# Aim of the task
Reproduce the lines below exactly, from the one containing "在青海省果洛藏族自治州甘德縣" through the one containing "Waving colorful Buddhist", both included. Leave out any pictures.

# Data
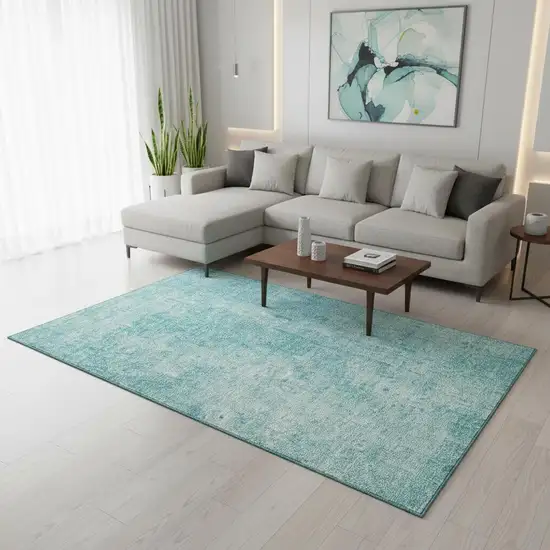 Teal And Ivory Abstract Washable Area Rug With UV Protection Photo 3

* * *

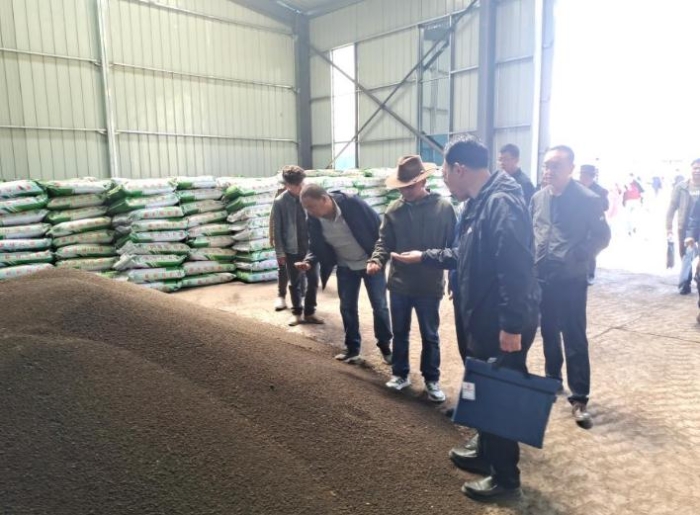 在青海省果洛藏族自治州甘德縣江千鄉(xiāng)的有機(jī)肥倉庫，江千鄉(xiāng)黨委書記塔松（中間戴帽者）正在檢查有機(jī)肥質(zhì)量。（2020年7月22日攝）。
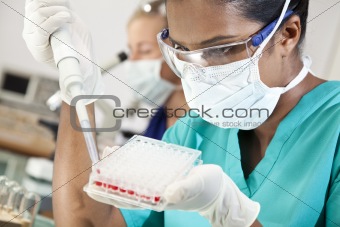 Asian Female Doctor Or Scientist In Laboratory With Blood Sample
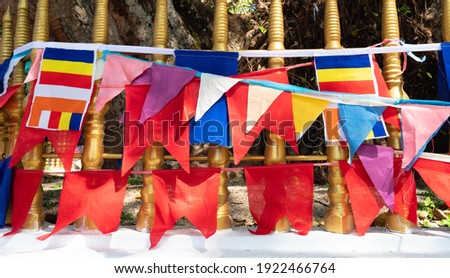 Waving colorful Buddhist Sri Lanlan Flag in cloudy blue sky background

# Answer below
 在青海省果洛藏族自治州甘德縣江千鄉(xiāng)的有機(jī)肥倉庫，江千鄉(xiāng)黨委書記塔松（中間戴帽者）正在檢查有機(jī)肥質(zhì)量。（2020年7月22日攝）。
 Asian Female Doctor Or Scientist In Laboratory With Blood Sample
 Waving colorful Buddhist Sri Lanlan Flag in cloudy blue sky background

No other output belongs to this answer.